# Adult Kimono Slippers



## butterweed (Aug 5, 2011)

http://niftyknitting.com/kimono-slippers/


----------



## Dreamweaver (Feb 1, 2011)

CUte and comfy looking.


----------



## CamillaDesertMouse (Mar 19, 2011)

I love this pattern...and ONE day I will just knit them up lol
Thanks for posting.


----------



## BSG (Sep 12, 2011)

You could crochet these also


----------



## BSG (Sep 12, 2011)

OK, crochet version. I knew I had it somewhere

http://sarahsweethearts.blogspot.com/2010/09/fun-folded-toddler-slippers.html


----------



## BSG (Sep 12, 2011)

And this is what sent me on the look out for the crocheted version so I wouldn't have to figure it out.
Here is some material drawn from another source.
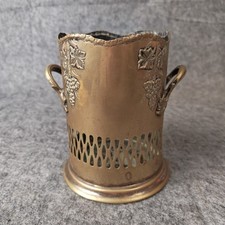 Antique Silver Plated Ornate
I could but why re-invent the wheel
http://sew-whats-new.com/photo/felt-baby-slippers-free-pdf-pattern?xg_source=msg_mes_network

I haven't tried these yet but it might be a good charity project for those who can't knit or crochet. Hmmmm....


----------



## RavenRose (Nov 18, 2011)

Beautiful SisButterweed....definitely want to make a pair...


----------



## Dakotashivers (Apr 5, 2011)

Oh yet another pair I HAVE to make. I moderate the Slipper and Surrounding group on Ravelry...and yeh...im kinda addicted to making slippers. I have seen this particular slipper in another stitch somewhere...Definitely looks like a fun creative, do your own thing project...


----------



## RavenRose (Nov 18, 2011)

DakotaSis...must confess I love knitting these slippers also...mostly because my feet get so cold and picking an easy pattern is not comproming style and good looks..any other patterns you would care to post would be very appreciated by this olde CroneKnitter.... :lol:


----------



## Dakotashivers (Apr 5, 2011)

There are tons of free patterns on Ravelry...its a free site to join..Our group "Slipper and Surroundings" is a great place to start looking for the freebies...if you want more ravelry info/help just ask!


----------



## RavenRose (Nov 18, 2011)

Thanks...will do...and will look you up whenever I get there....


----------



## Dakotashivers (Apr 5, 2011)

Great...I am also Dakotashivers there! Makes is easier for me to remember! haha


----------